=== Begin Enclosure ===
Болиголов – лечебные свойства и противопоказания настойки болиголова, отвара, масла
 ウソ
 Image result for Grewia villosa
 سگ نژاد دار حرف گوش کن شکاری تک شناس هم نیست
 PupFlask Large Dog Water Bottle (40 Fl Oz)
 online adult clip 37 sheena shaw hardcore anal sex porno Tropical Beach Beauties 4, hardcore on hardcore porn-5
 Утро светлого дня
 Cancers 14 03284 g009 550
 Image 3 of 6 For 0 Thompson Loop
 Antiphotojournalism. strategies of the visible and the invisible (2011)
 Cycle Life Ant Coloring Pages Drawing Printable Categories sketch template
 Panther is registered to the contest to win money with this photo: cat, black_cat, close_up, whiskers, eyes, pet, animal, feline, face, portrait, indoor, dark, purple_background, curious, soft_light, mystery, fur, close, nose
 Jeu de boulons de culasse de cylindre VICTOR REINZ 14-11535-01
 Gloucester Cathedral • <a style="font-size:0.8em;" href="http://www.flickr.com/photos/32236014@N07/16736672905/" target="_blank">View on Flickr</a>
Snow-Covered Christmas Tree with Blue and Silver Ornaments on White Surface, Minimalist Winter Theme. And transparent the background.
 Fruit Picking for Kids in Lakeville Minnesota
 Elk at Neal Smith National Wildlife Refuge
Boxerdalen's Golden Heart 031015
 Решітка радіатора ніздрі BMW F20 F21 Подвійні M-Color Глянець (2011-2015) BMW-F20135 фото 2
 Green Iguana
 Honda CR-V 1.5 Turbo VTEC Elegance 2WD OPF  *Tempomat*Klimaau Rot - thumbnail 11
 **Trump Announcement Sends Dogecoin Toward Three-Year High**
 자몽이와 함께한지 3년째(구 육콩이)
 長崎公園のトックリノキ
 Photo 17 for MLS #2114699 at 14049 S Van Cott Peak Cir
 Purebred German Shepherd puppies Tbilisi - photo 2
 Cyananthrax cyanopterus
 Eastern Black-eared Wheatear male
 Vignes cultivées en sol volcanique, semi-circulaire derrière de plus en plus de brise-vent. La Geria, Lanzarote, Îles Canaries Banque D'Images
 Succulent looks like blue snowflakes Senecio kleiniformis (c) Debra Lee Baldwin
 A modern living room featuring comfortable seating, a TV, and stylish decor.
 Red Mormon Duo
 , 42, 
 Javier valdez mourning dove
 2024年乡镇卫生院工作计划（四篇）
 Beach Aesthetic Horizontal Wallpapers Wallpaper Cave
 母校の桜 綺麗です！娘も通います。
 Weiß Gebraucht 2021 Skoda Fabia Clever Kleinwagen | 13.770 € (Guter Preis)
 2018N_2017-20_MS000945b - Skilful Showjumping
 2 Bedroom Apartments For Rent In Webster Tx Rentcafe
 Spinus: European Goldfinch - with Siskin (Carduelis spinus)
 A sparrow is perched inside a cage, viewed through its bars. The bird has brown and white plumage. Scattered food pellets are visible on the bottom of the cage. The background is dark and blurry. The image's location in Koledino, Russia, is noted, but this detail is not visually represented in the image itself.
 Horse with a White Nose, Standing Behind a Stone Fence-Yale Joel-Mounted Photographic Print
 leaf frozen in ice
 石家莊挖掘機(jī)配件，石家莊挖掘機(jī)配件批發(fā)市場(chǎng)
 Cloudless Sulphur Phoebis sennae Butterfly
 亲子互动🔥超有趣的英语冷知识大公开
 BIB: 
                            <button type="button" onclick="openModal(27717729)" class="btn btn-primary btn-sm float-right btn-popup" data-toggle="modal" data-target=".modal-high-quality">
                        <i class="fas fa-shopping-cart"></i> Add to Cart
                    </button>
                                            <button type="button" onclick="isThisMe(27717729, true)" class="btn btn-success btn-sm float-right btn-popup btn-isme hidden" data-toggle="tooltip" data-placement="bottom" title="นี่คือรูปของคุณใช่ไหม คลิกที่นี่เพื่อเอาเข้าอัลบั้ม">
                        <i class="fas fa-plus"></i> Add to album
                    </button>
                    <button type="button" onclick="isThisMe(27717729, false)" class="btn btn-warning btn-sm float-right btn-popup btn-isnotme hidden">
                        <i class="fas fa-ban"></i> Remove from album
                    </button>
=== End Enclosure ===
Output exactly the lines from the one holding "2024年乡镇卫生院工作计划（四篇）" to the end of the material above, with both ends included.

== WRITTEN RESPONSE ==
 2024年乡镇卫生院工作计划（四篇）
 Beach Aesthetic Horizontal Wallpapers Wallpaper Cave
 母校の桜 綺麗です！娘も通います。
 Weiß Gebraucht 2021 Skoda Fabia Clever Kleinwagen | 13.770 € (Guter Preis)
 2018N_2017-20_MS000945b - Skilful Showjumping
 2 Bedroom Apartments For Rent In Webster Tx Rentcafe
 Spinus: European Goldfinch - with Siskin (Carduelis spinus)
 A sparrow is perched inside a cage, viewed through its bars. The bird has brown and white plumage. Scattered food pellets are visible on the bottom of the cage. The background is dark and blurry. The image's location in Koledino, Russia, is noted, but this detail is not visually represented in the image itself.
 Horse with a White Nose, Standing Behind a Stone Fence-Yale Joel-Mounted Photographic Print
 leaf frozen in ice
 石家莊挖掘機(jī)配件，石家莊挖掘機(jī)配件批發(fā)市場(chǎng)
 Cloudless Sulphur Phoebis sennae Butterfly
 亲子互动🔥超有趣的英语冷知识大公开
 BIB: 
                            <button type="button" onclick="openModal(27717729)" class="btn btn-primary btn-sm float-right btn-popup" data-toggle="modal" data-target=".modal-high-quality">
                        <i class="fas fa-shopping-cart"></i> Add to Cart
                    </button>
                                            <button type="button" onclick="isThisMe(27717729, true)" class="btn btn-success btn-sm float-right btn-popup btn-isme hidden" data-toggle="tooltip" data-placement="bottom" title="นี่คือรูปของคุณใช่ไหม คลิกที่นี่เพื่อเอาเข้าอัลบั้ม">
                        <i class="fas fa-plus"></i> Add to album
                    </button>
                    <button type="button" onclick="isThisMe(27717729, false)" class="btn btn-warning btn-sm float-right btn-popup btn-isnotme hidden">
                        <i class="fas fa-ban"></i> Remove from album
                    </button>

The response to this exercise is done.